2) **CDMA Multirate Extension:** All terrestrial or satellite third-generation standards for wireless CDMA encompass multirate access capability to accommodate multimedia services.

- Complexity reduction and clock frequency increase, a power consumption growth below 10% is expected.

- All rates are integer submultiples of a maximum rate, which depends on the kind of terminal (fixed, indoor, fully mobile, etc.) and network (indoor, outdoor terrestrial, satellite, etc.).

- Multirate CDMA is typically achieved by a combination of OVSF and multicode techniques (required only for the highest rate). Multirate transmission through multicodes has no impact on the receiver design, except for requiring an increased number of parallel detectors. CR implementation with OVSF is straightforward as the only modification consists in changing the accumulated chip samples according to the actual spreading-sequence length. The situation is quite different for the EC-BAID with OVSF. Assume that our reference channel (#1) has the highest rate allowed in the network. All of the interfering signals will bear a longer code than user #1. The latter will therefore see a set of cyclically varying spreading codes on the interfering signal, whose repetition period will be in general the ratio \( M \) between the highest and the lowest bit rate allowed in the network. A (single-symbol) detector for user #1 shall therefore be designed exploiting this cyclical regularity. It will be made of a bank of \( M \) conventional interference-canceling single-symbol detectors, which are cyclically operated every \( M \) symbol periods, in such a way that everyone always sees the same (sub)code on the interfering signals. The outputs of such detectors are then “demultiplexed” to give a symbol-rate stream for subsequent processing. Such a functional architecture is outlined in Fig. 6.

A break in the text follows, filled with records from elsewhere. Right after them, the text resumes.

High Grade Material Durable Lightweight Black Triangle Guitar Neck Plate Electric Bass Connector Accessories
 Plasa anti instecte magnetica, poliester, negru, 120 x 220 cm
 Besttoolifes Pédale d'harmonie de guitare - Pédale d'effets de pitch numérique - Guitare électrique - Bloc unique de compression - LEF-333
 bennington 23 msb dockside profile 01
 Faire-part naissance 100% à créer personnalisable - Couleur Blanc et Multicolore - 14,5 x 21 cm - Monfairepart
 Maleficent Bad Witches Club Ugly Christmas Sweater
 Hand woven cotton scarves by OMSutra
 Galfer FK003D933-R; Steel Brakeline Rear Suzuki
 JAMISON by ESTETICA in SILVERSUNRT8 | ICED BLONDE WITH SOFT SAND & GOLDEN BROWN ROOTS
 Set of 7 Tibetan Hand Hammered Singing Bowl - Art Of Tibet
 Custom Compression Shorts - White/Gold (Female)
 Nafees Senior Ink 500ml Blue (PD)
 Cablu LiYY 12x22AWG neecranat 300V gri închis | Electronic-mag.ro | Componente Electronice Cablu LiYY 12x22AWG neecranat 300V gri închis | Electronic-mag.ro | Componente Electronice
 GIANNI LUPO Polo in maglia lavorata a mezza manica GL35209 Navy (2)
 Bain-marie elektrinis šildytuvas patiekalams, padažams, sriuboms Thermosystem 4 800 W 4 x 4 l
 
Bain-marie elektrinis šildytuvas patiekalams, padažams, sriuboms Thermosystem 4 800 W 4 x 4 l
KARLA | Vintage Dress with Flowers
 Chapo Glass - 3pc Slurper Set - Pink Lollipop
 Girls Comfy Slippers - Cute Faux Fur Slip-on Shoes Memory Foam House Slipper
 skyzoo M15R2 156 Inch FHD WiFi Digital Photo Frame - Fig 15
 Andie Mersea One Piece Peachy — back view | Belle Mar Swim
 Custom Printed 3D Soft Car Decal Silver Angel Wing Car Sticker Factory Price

The situation is different if user #1 has the lowest rate in the network. In such a condition, it is easy to see that we can use a conventional receiver with no modifications. Of course, if user #1 has an intermediate bit-rate, the only parameter that matters is the ratio between its actual rate and the minimum rate in the network to build a multirate architecture as in Fig. 6. This figure represents the functional block diagram for a user operating at a bit rate \( M \) times the basic system bit rate \( 1/T_b^{\text{bkw}} \). As it is apparent
from the previous discussion, the basic EC-BAID detectors can be reused, although each of the \( M \) parallel detectors operates on a disjoint short symbol. The \( M \) detectors are sequentially activated with periodicity \( T_{\text{av}} \) and a duty cycle \( T_{\text{av}} / M \). The increased complexity to cope with high-data rates users is, however, apparent as it will be clarified in Section III-B4 dealing with ASIC multirate implementation issues.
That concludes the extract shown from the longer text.